Continental rejects Schaeffler’s takeover bid

On July 16th, the Schaeffler Group informed Continental of its decision to make a cash offer of €69.37 per share to acquire the company.
According to Continental, Schaeffler is taking advantage of the current challenging equity market environment to avoid paying an appropriate premium to acquire control over a strongly positioned technology company.
Continental claims that Schaeffler secured access to 36% of the outstanding capital of Continental in an unlawful manner – with the help of derivative positions and collaborating banks.

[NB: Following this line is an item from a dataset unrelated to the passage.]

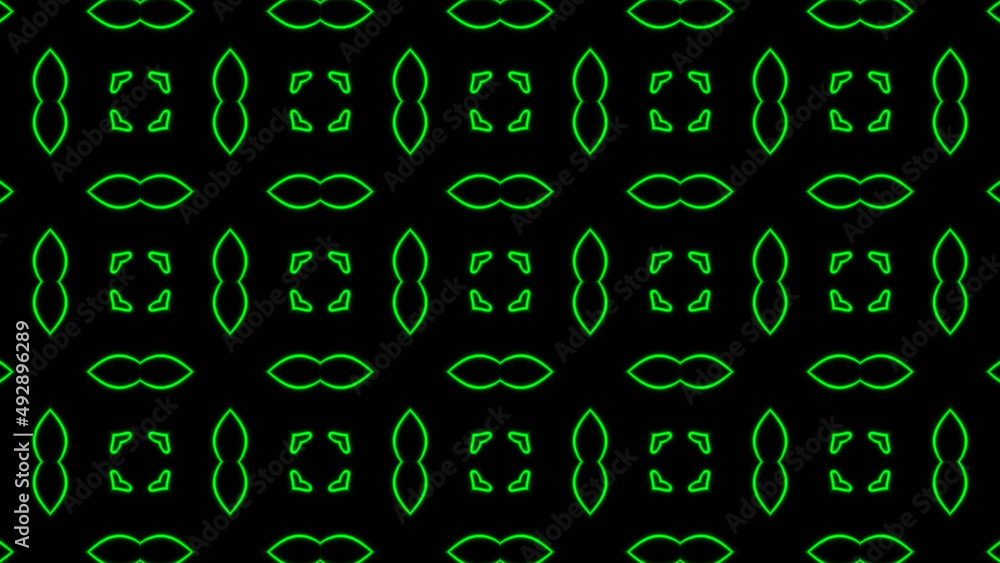 Poster abstract green geometric seamless pattern background. psychedelic colorful kaleidoscope vj backgroun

This would result in a comfortable voting majority at the shareholders meeting and may even lead to a qualified voting majority.

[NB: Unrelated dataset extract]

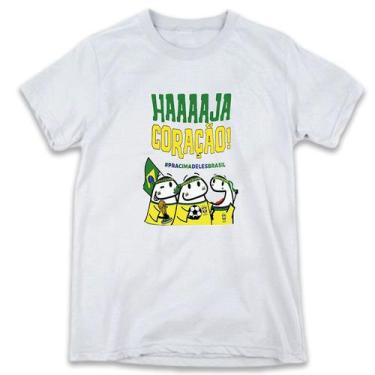 Imagem de 1 Camiseta Brasil Copa Bonequinho Flork Haja Coração Camisas Divertida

WhileSchaeffler publicly declared its intention to achieve a minority position and leave the sound structure of Continental unchanged, Continental was willing to support a financial investment of 20% in the company.
However, when Schaeffler insisted on a controlling stake of more than 30%, Continental decided that such a deal would benefit Schaeffler but not Continental or its shareholders.
It's only a year ago that Continental made the biggest purchase in company history with the €11.4 billion acquisition of Siemens VDO Automotive -a move that shunted Continental into the Top 5 companies in this industry worldwide.
Contrary to Schaeffler's proposal, Continental believes it would be better off in the long run as a standalone company in its current form.